Now the Haynes recipe is being transported across the Channel. Later this month, the Festival veteran will hold his first Parisian-style soirée in Edinburgh.
The 75-year-old American arts producer and academic, who co-founded the Traverse Theatre and hasn't missed a Festival since 1957, says he has no idea yet what's on the menu or who will turn up. "In life, I have modest expectations of everything," he said. "What happens will happen. When the word goes out, and who wants to come, and whether divorces or love affairs or marriages come out of it. Que sera sera."
The venue will be the Scottish Arts Club, another venerable institution. Haynes is yet to settle on numbers or a menu, and has no idea how the night will turn out, but it's certain he won't be short of guests.

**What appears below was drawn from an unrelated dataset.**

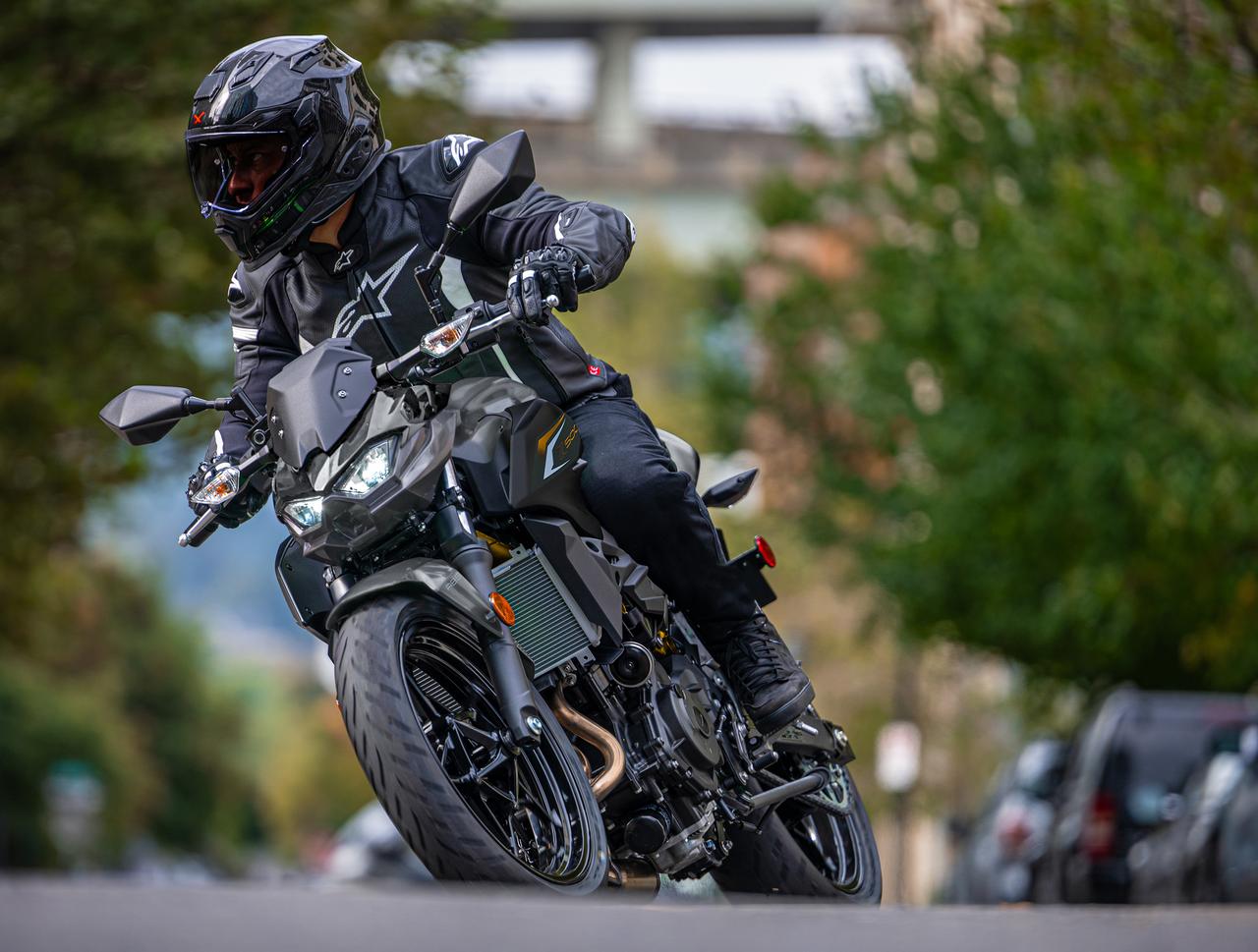 画像: 【価格、発売日、スペック公開!】カワサキ新型Z500(2026)登場!451cc並列2気筒で進化したライトウェイトZの実力を徹底解説 - webオートバイ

photograph©Jesper Haynes, 2009
"In Paris, people start arriving at 8pm. I start introducing people, offering drinks, and fairly soon after this the first course is served and the evening unfolds. There's no music, there's no entertainment, just people meeting, talking, exchanging cards and gossiping.

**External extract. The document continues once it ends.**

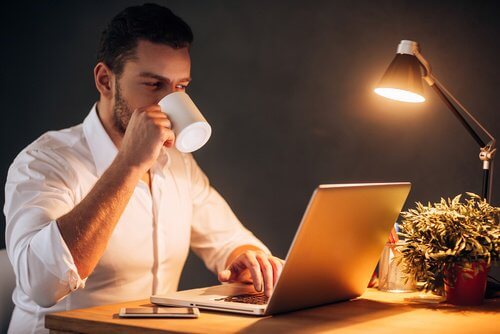 Beber muito café e trabalhar tarde à noite são hábitos que provocam doenças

"I have regulars that come Parisian regulars, and people who come from New York, Paris, London, Berlin, the world."
The Assembly's programme director Mary Shields has been a regular attendee. "What he does with his dinners is what he does everywhere," she said. "He's a facilitator and introducer of people. Distilled down, that is what he does. He sits on his high stool and makes sure that everyone talks to someone else. It's life-affirming."

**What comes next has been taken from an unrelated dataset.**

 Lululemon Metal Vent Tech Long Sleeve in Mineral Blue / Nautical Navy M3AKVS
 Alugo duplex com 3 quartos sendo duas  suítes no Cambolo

Veteran Edinburgh arts entrepreneur Ricky Demarco said: "Jim Haynes is a force of nature. Everyone should try to get to that dinner."
Louisianan Haynes first came to Edinburgh in 1956 when he was posted with the US military to an airbase at Kirknewton used as a Cold War listening post.
When he left the military he stayed in Edinburgh and opened the first paperback book shop in Britain, The Paperback.
In 1969, a visit by a group of French students and professors to Edinburgh saw him invited to join the University of Paris - where he taught media studies and sexual politics, his own choice of subject, for the next 30 years at its Vincennes campus.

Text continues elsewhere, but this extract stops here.